*EXERCISE DETAILS*
Exclude the images, then return every line below exactly as written.

*GIVEN INFORMATION*
"""

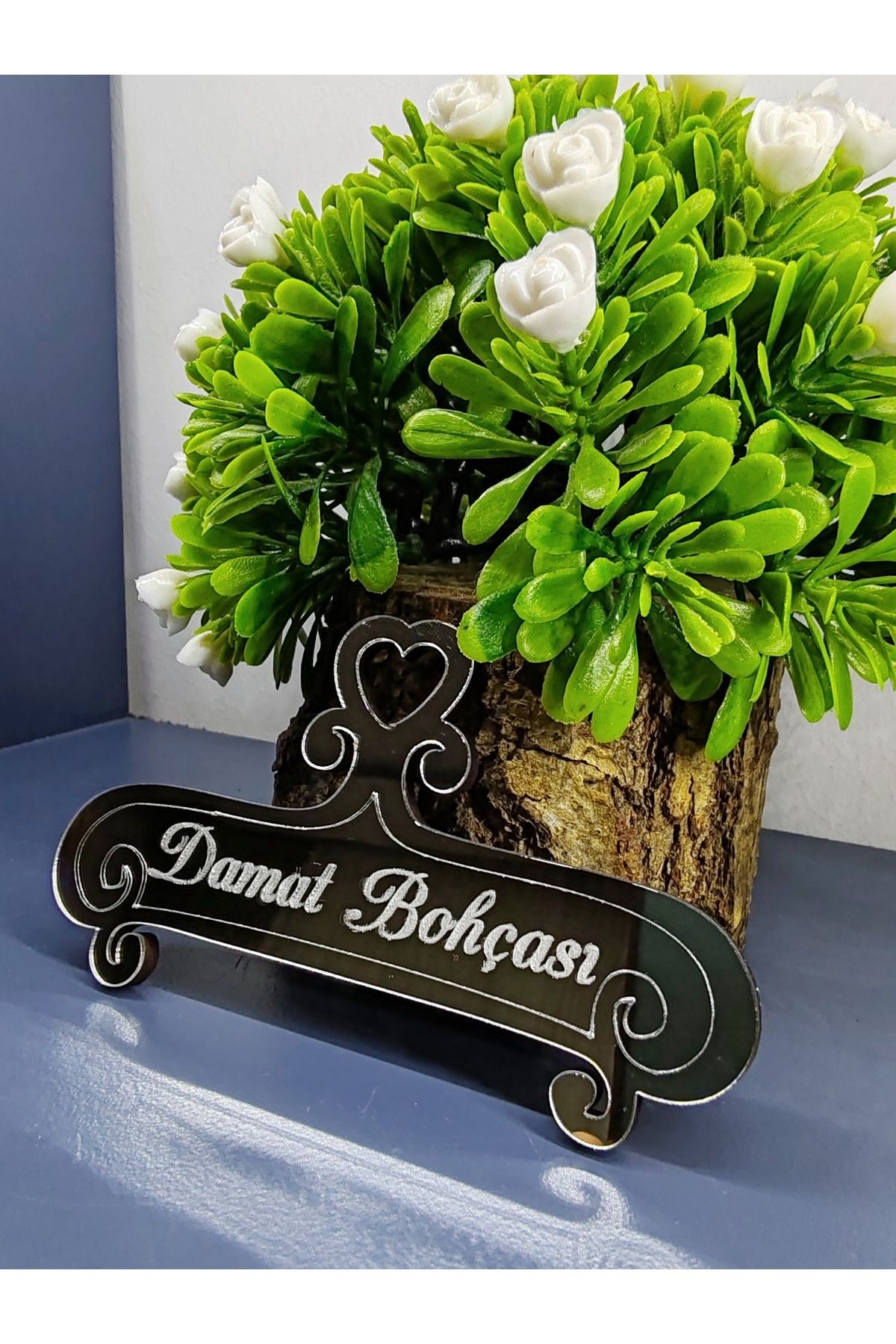 Kişiye Özel Tasarım Pleksi Damat Bohçası Yazısı Kazıma Bohça Süsü GÜMÜŞ (5 ADET)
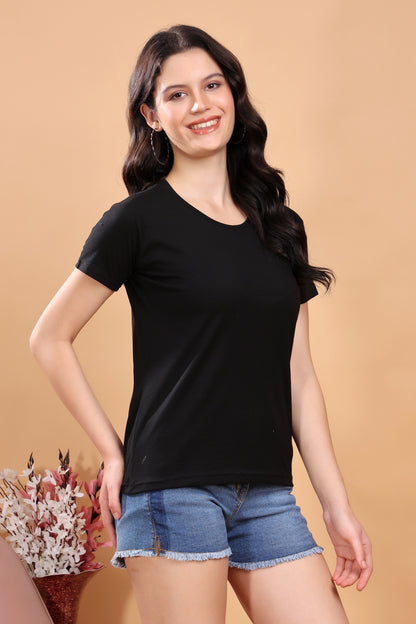 Kex Women Cotton Blend Black Solid Tshirt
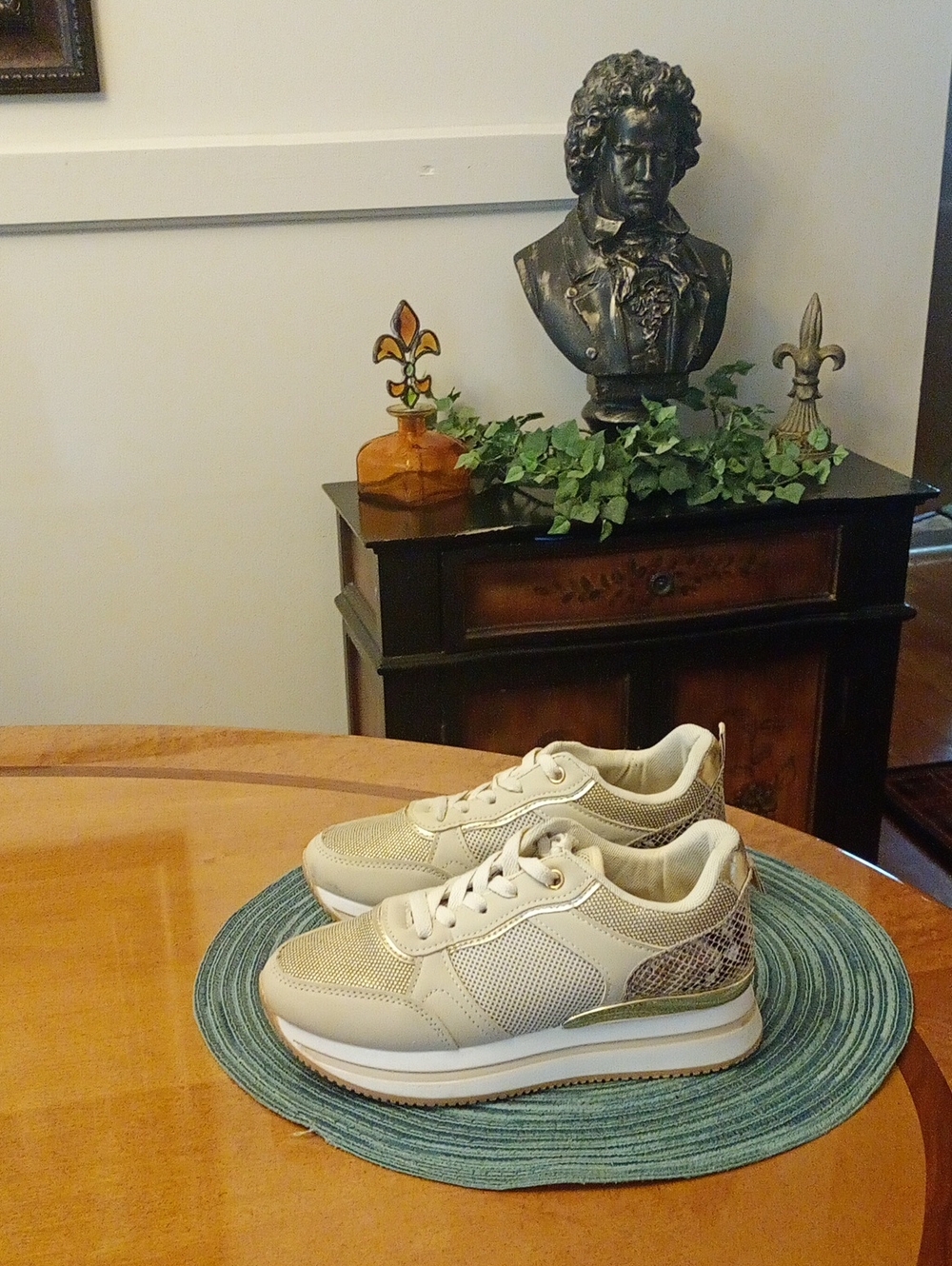 Women's Neutral Gold Platform Sneakers - Casual Comfort Janessa Sz 36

"""

*PROBLEM SOLUTION*
 Kişiye Özel Tasarım Pleksi Damat Bohçası Yazısı Kazıma Bohça Süsü GÜMÜŞ (5 ADET)
 Kex Women Cotton Blend Black Solid Tshirt
 Women's Neutral Gold Platform Sneakers - Casual Comfort Janessa Sz 36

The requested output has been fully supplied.